Print the listing again exactly, leaving nothing out.
═══ Provided data
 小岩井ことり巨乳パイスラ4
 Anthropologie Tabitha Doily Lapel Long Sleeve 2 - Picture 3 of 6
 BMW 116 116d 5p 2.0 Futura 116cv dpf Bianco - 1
══════
◆ **Solved exercise**
 小岩井ことり巨乳パイスラ4
 Anthropologie Tabitha Doily Lapel Long Sleeve 2 - Picture 3 of 6
 BMW 116 116d 5p 2.0 Futura 116cv dpf Bianco - 1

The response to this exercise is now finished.